O desafio, argumenta a especialista, deve ser encarado também como uma oportunidade. “Aumentar as linhas de produção para atender essa demanda mundial é urgente e pode ser visto como uma chance de reindustrialização do Brasil”, afirma Panik, citando empresas como Thyssen e Siemens, que têm unidades no país.
A guerra da Rússia contra a Ucrânia virou também uma ameaça à segurança energética alemã, que acelera o processo de transição rumo a fontes renováveis, já que tinha sua economia altamente dependente do então barato gás russo.
O estímulo a parcerias no Brasil, por outro lado, teve início antes do conflito. “Nós trabalhamos desde 2019 ajudando a criar oportunidades para desenvolver o Brasil como parceiro no fornecimento de H2V para Alemanha”, diz Ansgar Pinkowiski, diretor de Transição Energética e Sustentabilidade da Câmara de Comércio e Indústria Brasil-Alemanha no Rio de Janeiro, AHK Rio.
Em breve, a Alemanha deve divulgar o resultado do primeiro leilão para contratação de fornecimento de H2V na forma de amônia, metanol e combustível sustentável de aviação. Segundo o edital, os contratos são exclusivos para importação. Ainda não se sabe se empresas brasileiras serão contempladas.
Os empecilhos do transporte
Para que o Brasil se torne um grande exportador, algumas inovações logísticas ainda são necessárias. Para ser transportado em forma gasosa, o H2V requer muita pressão. Em forma líquida, é preciso resfriá-lo a -253 °C. “Gasta-se muita energia para isso”, diz Fernando Nunes.
Uma das alternativas é transformar o combustível limpo em amônia, NH3. “O nitrogênio é capturado do ar, e a amônia pode ser transportada de 12°C a 15°C. Estudamos outras formas, como transformar o H2V em sais de magnésio e boro, que é sólido”, explica Nunes, acrescentando que o custo desta conversão ainda é muito elevado.
Quando chegar ao destino, caso o produto precise ser convertido novamente em hidrogênio verde, mais energia será gasta no local para essa transformação. “Por isso as pesquisas estão sendo desenvolvidas para se chegar a um ponto que seja mais econômico e seguro”, diz Nunes.

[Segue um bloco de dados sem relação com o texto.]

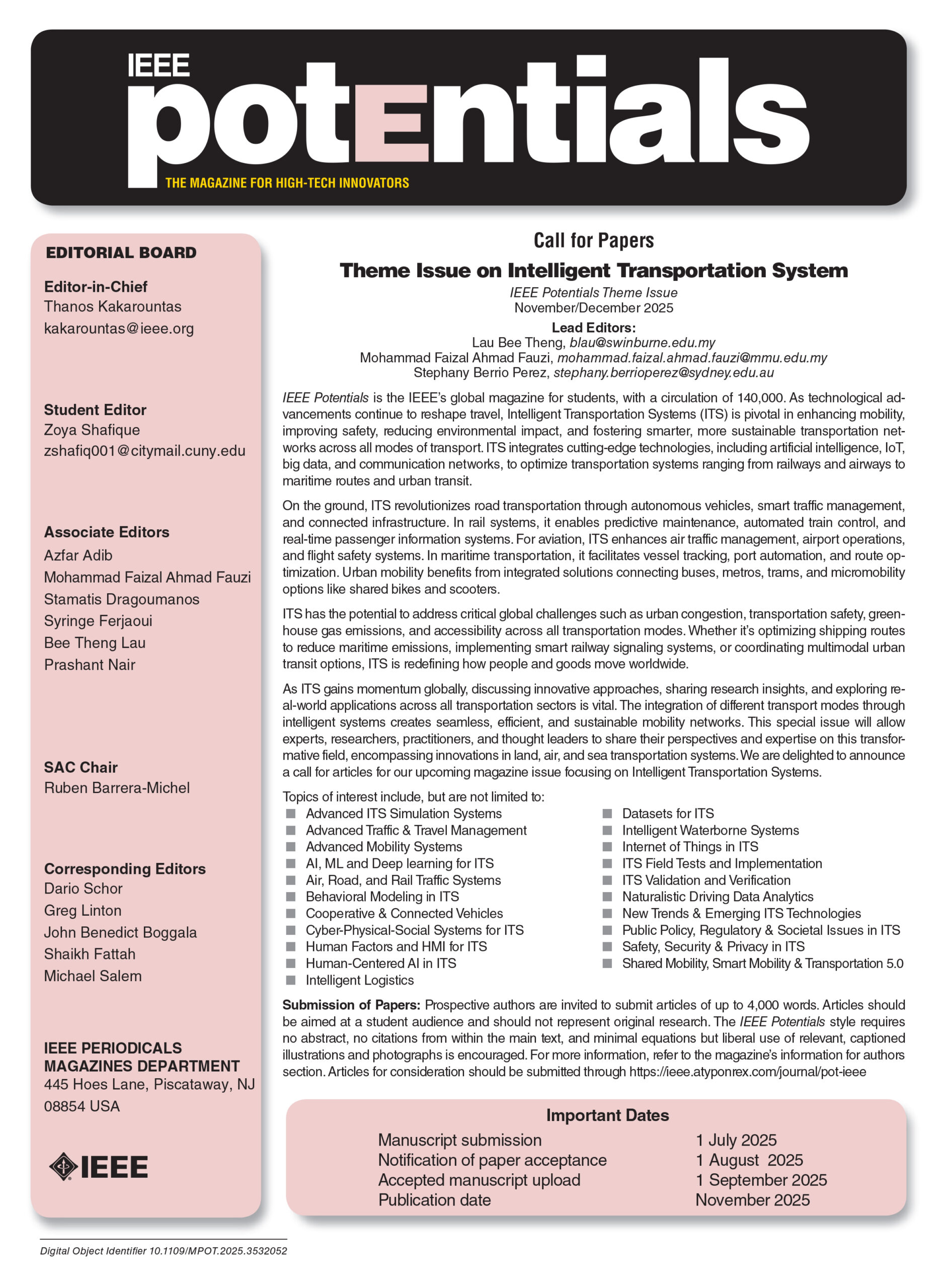 Call for Papers for Intelligent Transportation System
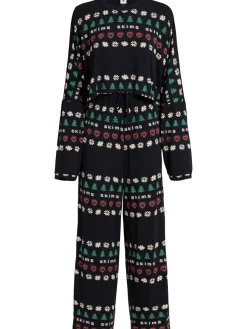 Set pigiama con top e pantaloni in misto modal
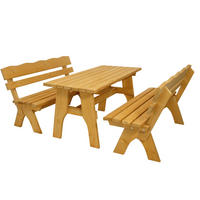 GARTEN-GARNITUR Drieburg 150cm aus Kiefer massiv 3tlg. - Braun, Holz - TPFGarden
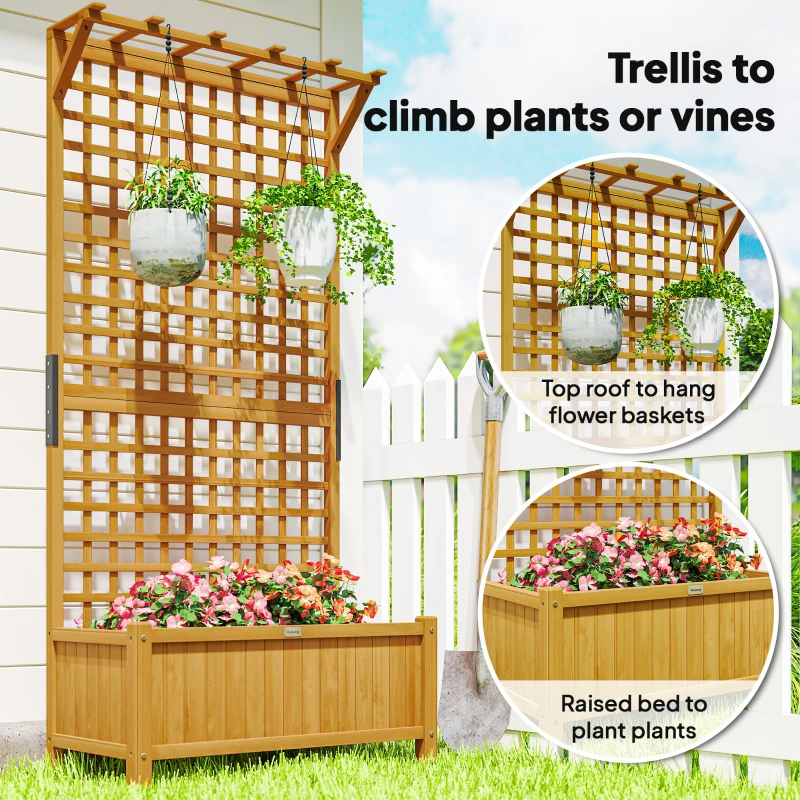 Outsunny Wood Planter with Trellis for Vine Climbing, Raised Garden Bed, Privacy Screen for Backyard, Patio, Deck, Yellow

Por esse motivo, uma das possibilidades em discussão é fazer no Brasil o beneficiamento de matéria-prima que seria exportada e transformada na Alemanha, como minério de ferro. Em vez de consumir a energia alemã para fabricação do aço, por exemplo, o processo ocorreria no Brasil movido a H2V. “Esse é um uso também em debate”, afirma Ansgar Pinkowiski, da AHK Rio.
Até 2030, o Brasil deve contar com um parque de produção de H2V em bom funcionamento, comenta Nunes. “Para 2050, a expectativa é que o país consiga suprir até 70% da energia que a Europa precisa com essa fonte”, afirma o pesquisador.